A natural compound can block the formation of toxins associated with Parkinson's disease

A natural compound can block the formation of toxins associated with Parkinson's disease

A naturally-occurring compound has been found to block a molecular process thought to underlie Parkinson's Disease, and to suppress its toxic products, scientists have reported.

The findings, although only preliminary, suggest that the compound, called squalamine, could be exploited in various ways as the basis of a potential treatment for Parkinson's Disease. The compound has previously been used in clinical trials for cancer and eye conditions in the United States, and a trial in Parkinson's Disease patients is now being planned by one of the researchers involved in the study.

Squalamine is a steroid which was discovered in the 1990s in dogfish sharks, although the form now used by scientists is a safer, synthetic analogue. To date, it has been extensively investigated as a potential anti-infective and anticancer therapy.

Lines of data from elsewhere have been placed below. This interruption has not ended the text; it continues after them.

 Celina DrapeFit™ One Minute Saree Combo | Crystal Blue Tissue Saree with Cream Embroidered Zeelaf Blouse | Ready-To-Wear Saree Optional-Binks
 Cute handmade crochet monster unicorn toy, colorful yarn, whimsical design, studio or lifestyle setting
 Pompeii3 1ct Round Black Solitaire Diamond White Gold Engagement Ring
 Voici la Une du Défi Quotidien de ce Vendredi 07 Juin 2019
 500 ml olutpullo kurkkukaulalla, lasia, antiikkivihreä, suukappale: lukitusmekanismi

But in the new study, researchers discovered that squalamine also dramatically inhibits the early formation of toxic aggregates of the protein alpha-synuclein - a process thought to start a chain reaction of molecular events eventually leading to Parkinson's Disease. Remarkably, they also then found that it can suppress the toxicity of these poisonous particles.

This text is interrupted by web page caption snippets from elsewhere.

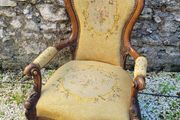 Antique victorian carved walnut &amp; needlepoint armchair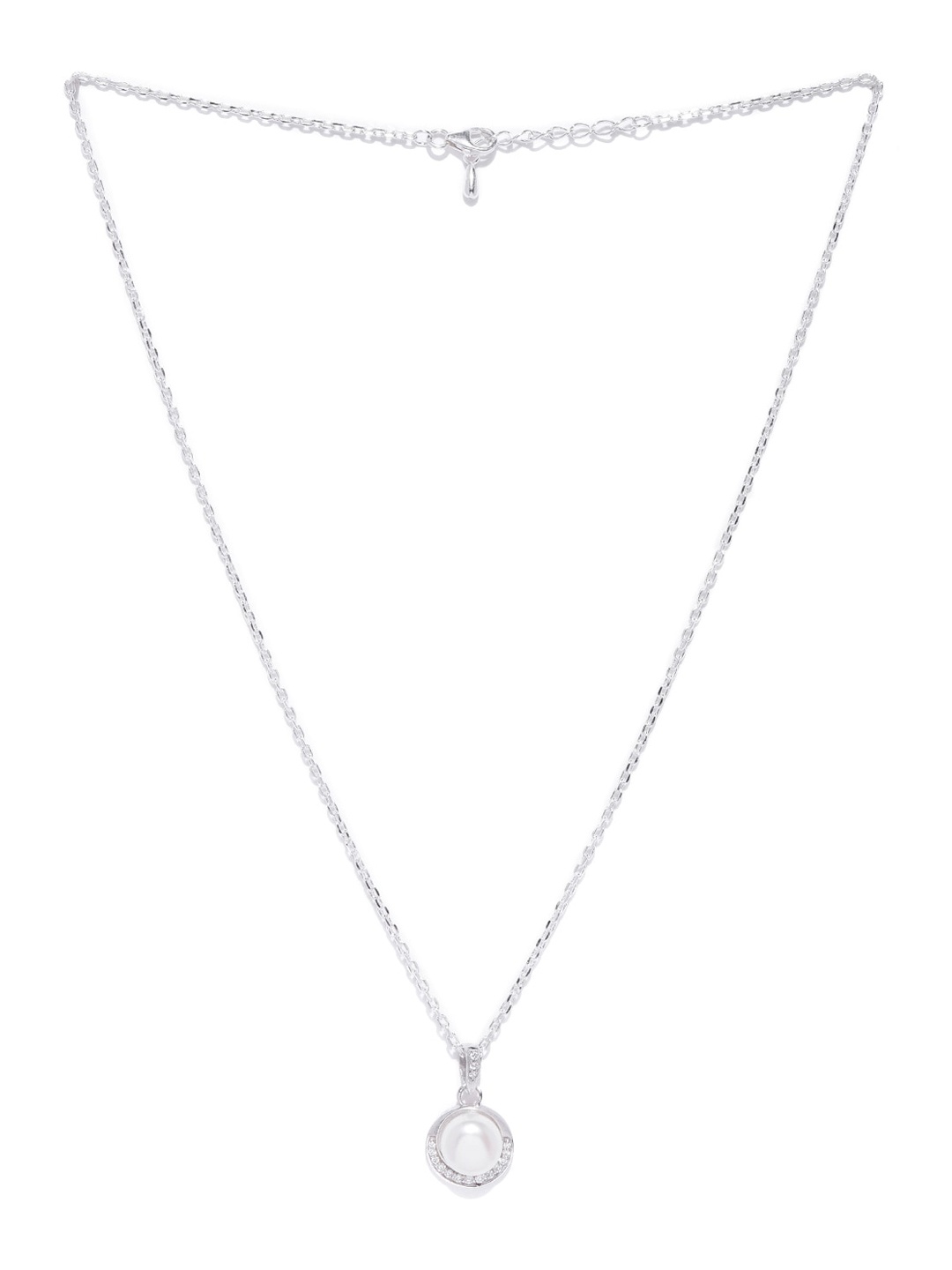 

Clara Silver-Toned Sterling Silver Rhodium-Plated Chain with Pendant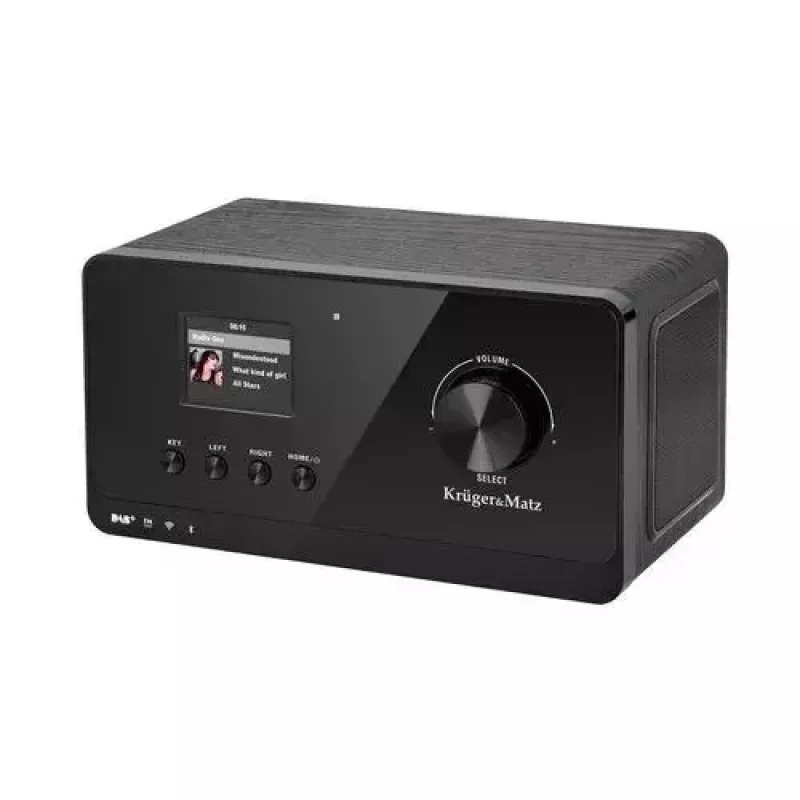 Internetradio Krüger&Matz KM0816.1 — Schwarz, Bluetooth 5.2, FM, 2×7 W, 430 Senderplätze, Fernbedienung, 3,5-mm-Kopfhöreranschluss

The researchers tested squalamine in both cell cultures in the lab, and in an animal model using nematode worms. While their findings therefore only represent a step towards a treatment for Parkinson's Disease in humans, they described the results as representing significant progress. The findings are published in Proceedings of The National Academy of Sciences.

In the new study, the researchers explored squalamine's capacity to displace alpha-synuclein from cell membranes. This finding has significant implications for Parkinson's Disease, because alpha-synuclein works by binding to the membranes of tiny, bubble-like structures called synaptic vesicles, which help to transfer neurotransmitters between neurons.

Under normal circumstances, the protein thus aids the effective flow of chemical signals, but in some instances, it malfunctions and instead begins to clump together, creating toxic particles harmful to brain cells. This clustering is the hallmark of Parkinson's Disease.

The researchers carried out a series of experiments which analysed the interaction between squalamine, alpha-synuclein and lipid vesicles, building on earlier work from Cambridge scientists which showed the vital role that vesicles play in initiating the aggregation. They found that squalamine inhibits the aggregation of the protein by competing for binding sites on the surfaces of synthetic vesicles. By displacing the protein in this way, it significantly reduces the rate at which toxic particles form.

Further tests, carried out with human neuronal cells, then revealed another key factor - that squalamine also suppresses the toxicity of these particles.

Finally, the group tested the impact of squalamine in an animal model of Parkinson's Disease, by using nematode worms genetically programmed to over-express alpha-synuclein in their muscle cells. As the worms develop, alpha-synuclein aggregation causes them to become paralysed, but squalamine prevented the paralysis from taking effect. Together, the results imply that squalamine could be used as the basis of a treatment targeting at least some of the symptoms of Parkinson's Disease.

Further research is, however, needed to determine what the precise benefits of squalamine would be - and what form any resulting drug might take. In particular, it is not yet clear whether squalamine can reach the specific regions of the brain where the main molecular processes determining Parkinson's Disease take place.

The researchers suggest that it would be particularly interesting to start investigating the efficacy of squalamine as a means to alleviate certain symptoms. If taken orally, for instance, the compound may perhaps relieve the severe constipation many patients experience, by targeting the gastrointestinal system and affecting alpha-synuclein in the gut. It is also conceivable that a treatment of that sort could "cascade" signals to other parts of the body.